About 3 months ago we noticed on our core routers that routing was going down for a minute or two then coming back by its self, Happens about once a week where OSPF and BGP on this core router would drop and then come back. A real problem when its one of your core routers.
So we did the norm of taking RIF’s and sending them thru to MT at the start of July
Over two month’s later MT came back with:
Routing crashed on the router. Most likely it happens due to interface status change on which OSPF is running. We are trying to fix this problem. Do you have any more details on how to repeat the problem?
Which is nice to know, shame it took 2 months for a response. We decided to do a clean netinstall of the router a week later after MT said that might help. Problem still happens each week under different loading and route table size etc. Our last advice from MT was in the middle of September and since then 3 e-mails have gotten no response apart from “We’re at MUM”
So question is, Is anyone else here seeing routing issues in ROS 4.x like this? and MT can you please respond (Ticket 2010090766000034)
To amend what I said in that post, we’ve now seen issues in various 4.x versions as well. As far as we can tell, (echoing the response you posted) an OSPF state change occurs somewhere in the network, and this causes various other routers to crash their routing, but this is an educated guess. Furthermore, I suspect its rapid OSPF state changes in succession that trigger it. Perhaps if OSPF is still performing an SPF calculation and gets a new one to perform, or the underlying database changes while the SPF calculation is in progress.
We’re currently working around it by using the ping watchdog timer to watch an address that won’t be reachable if routing crashes.
We’ve noticed however that sometimes routing will recover on its own after a minute or two (especially in the later betas), and sometimes generating a supout will make it recover; but it doesn’t always have a consistent routing table after this happens. (observable by traceroutes going a different direction than IP route says they should).

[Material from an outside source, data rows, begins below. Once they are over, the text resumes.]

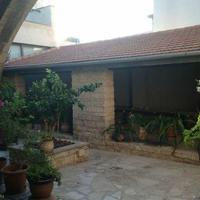 Villa in Republic of Cyprus, Lemesou, Nicosia, 750 sq.m.
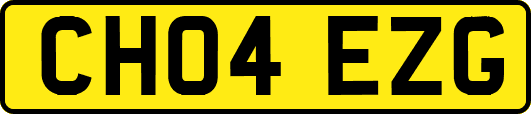 CH04EZG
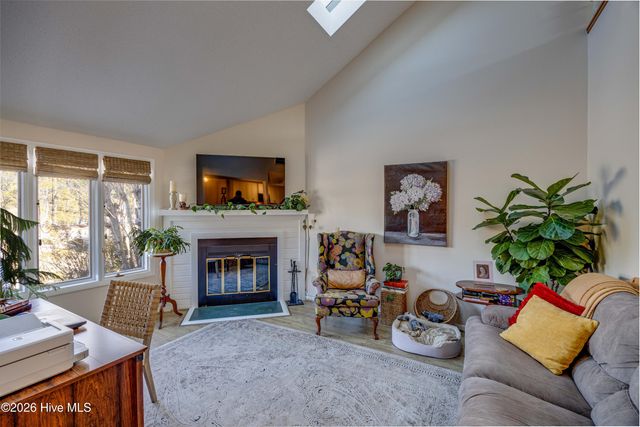 122 Forecastle Court, Washington, NC 27889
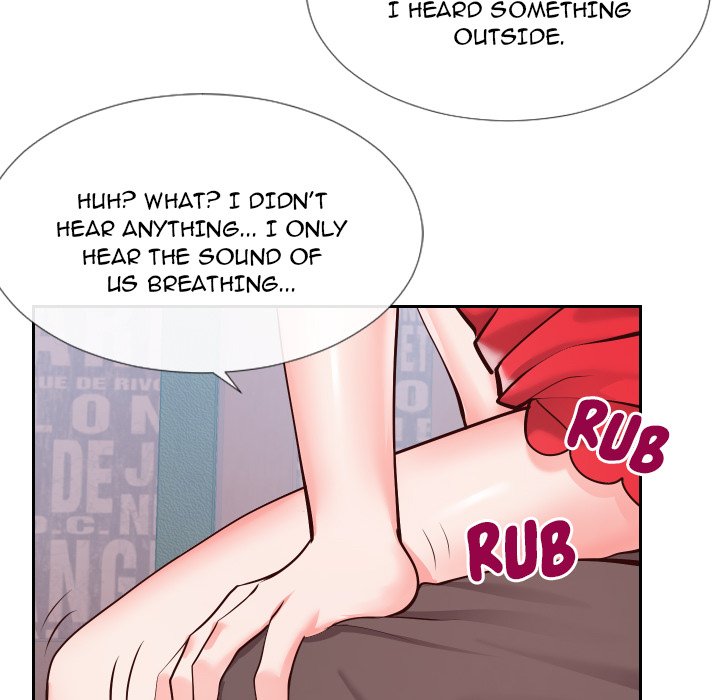 Inexperienced Chapter 15 image 19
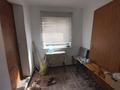 Жеке үй · 4 бөлме · 90 м² · 10 жүзд., Восточная, бағасы: 23 млн ₸ в Мичуринское — фото 24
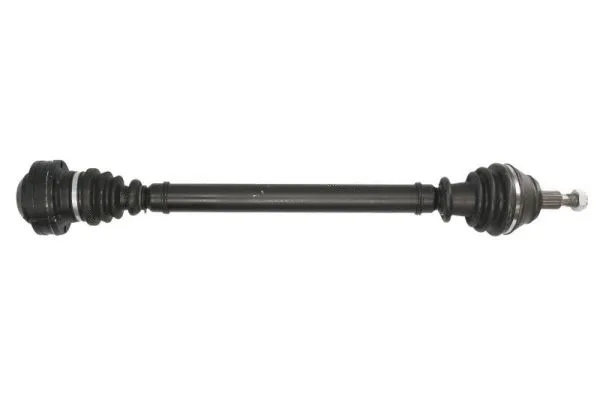 Arbre de transmission POINT GEAR PNG72114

As mentioned in my other post, we’re using OSPF and BGP, with both ipv4 and ipv6, and we were also starting to deploy MPLS, so its been rather difficult trying to track down the issue. We’ve backed out of MPLS for now, but we are still seeing the issue.

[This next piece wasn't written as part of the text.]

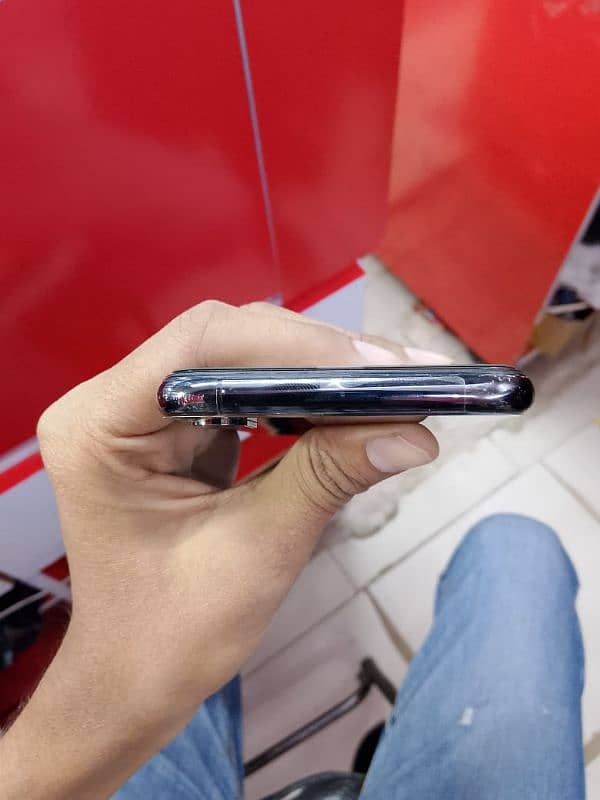 Iphone XS 64gb NON PTA 5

We’ve sent various supouts, and received similar responses. I’m hoping the supouts contain crashdumps or similar to help mikrotik’s programmers find the problem and fix it.
I just found in my email a response from Mikrotik (I should have finished going through my email before posting; I’ve been off for a couple days), that they’ve been able to reproduce what we’ve been seeing, and it should hopefully be fixed in 5.0rc2 (or possibly the version after that).
i had that problem too. One of our PoPs had an electrical power and the power inverter was not sending 110v to the power supply. Then we have a quick interface flapping over and over, and ospf crashed!
with 5.01 and r5.02 the problem is worse because the router reboots almost every day, and caused a lot of interface RX drops , i had to disable it. But the support people where very kind and is working on fix that problems with OSPF.
We’ve seen a slow down in the crash’s since moving from tested cat5e to tested cat6 but the fact remains that a link state change shouldnt cause a crash of core routing
An electrician is working to fix the power issue. It couldn’t be the Ethernet cable. I use cat6e direct burial. When I disable ospf totally and use routing I have no issues. I tried putting the ospf setting router dead interval to 120 seconds and that didnt make a difference. 4 hours ago there no packet loss and ospf went off then back on. (Down then full). Anything you want me to try.
Burried cat6? Was it tested and are the 2 ends of the link on the same mains supply? I’ve seen Ethernet drop and blow ports when it was strung between 2 different grounding circuits as it can induce a voltage on the ground line
The cable is 100 ft long. I replaced the full cable 2 times. I tested, no errors. One end is a 50 tower and the other end is in the building. both connected to earth ground. Well the building wiring I am just trusting that the electrician did the wiring ok. Right now I have ospf running on 2 mikrotiks. The routes are all static. Even when there is no errors on ethernet ospf goes to down then back to full. I am running netwatch pinging every 1 second to test the ethernet connectivity and I get no errors. What settings will make ospf not to goto the down state?